Please give back each entry below unaltered, leaving the pictures out.

***** EXERCISE DATA *****

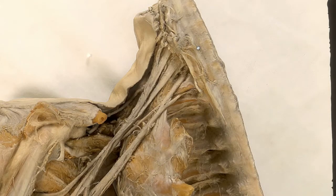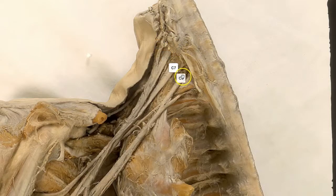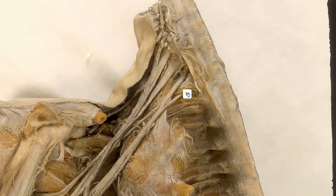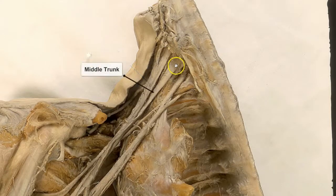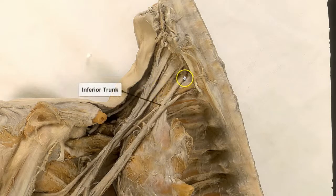Let's begin with the roots. The brachial plexus is formed by five roots: C5, C6, C7, C8, and T1 nerve roots. The C5 and C6 nerve roots combine to form the upper trunk, while the C7 nerve root continues as the middle trunk.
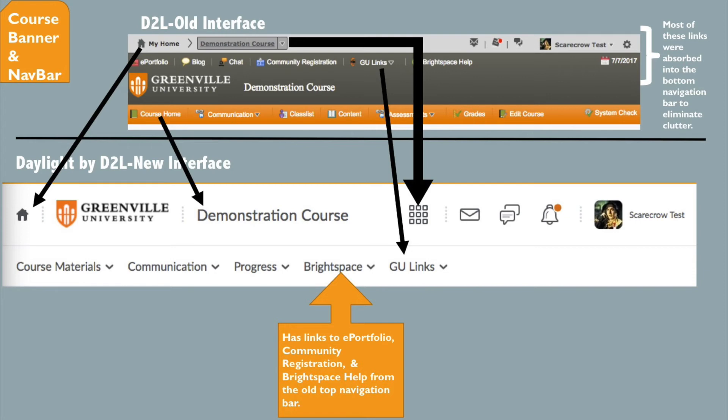The icons on the very top right are still present in the banner and have been enlarged. The row of links that were across the top of the dark gray banner have been absorbed into the nav bar under the word Brightspace. The course title is now a live link that will take you back to Course Home, and the Greenville University logo is no longer a live link.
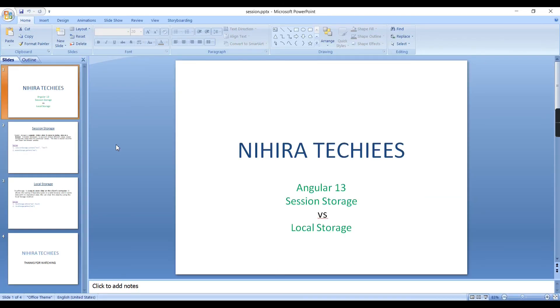This is about Session Storage and Local Storage. If you have any doubts or clarifications, please comment in my comment box. Also don't forget to subscribe to my channel. Thank you, thanks for watching.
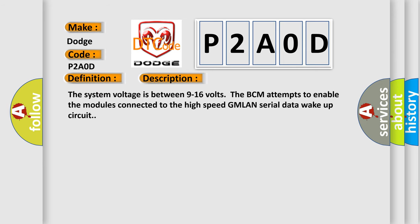The system voltage is between 9 to 16 volts. The BCM attempts to enable the modules connected to the high-speed GMLAN serial data wake-up circuit.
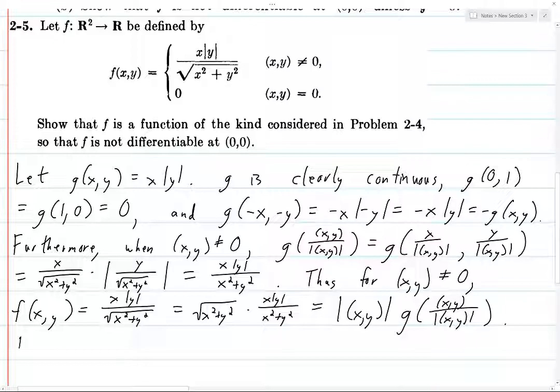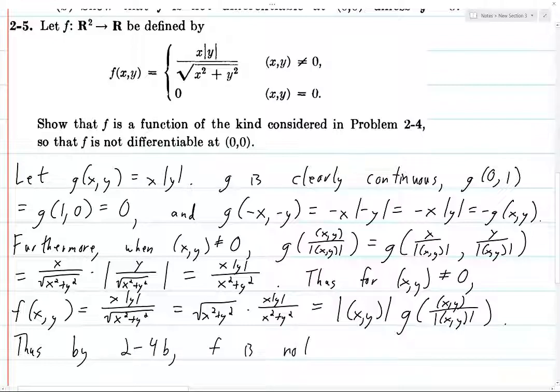Thus, by 2-4b, f is not differentiable at the origin (0,0) in R². This completes the proof.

*****

* _PROBLEM SOLUTION_
Let's begin with the roots. The brachial plexus is formed by five roots: C5, C6, C7, C8, and T1 nerve roots. The C5 and C6 nerve roots combine to form the upper trunk, while the C7 nerve root continues as the middle trunk.
The icons on the very top right are still present in the banner and have been enlarged. The row of links that were across the top of the dark gray banner have been absorbed into the nav bar under the word Brightspace. The course title is now a live link that will take you back to Course Home, and the Greenville University logo is no longer a live link.
This is about Session Storage and Local Storage. If you have any doubts or clarifications, please comment in my comment box. Also don't forget to subscribe to my channel. Thank you, thanks for watching.
The system voltage is between 9 to 16 volts. The BCM attempts to enable the modules connected to the high-speed GMLAN serial data wake-up circuit.
Thus, by 2-4b, f is not differentiable at the origin (0,0) in R². This completes the proof.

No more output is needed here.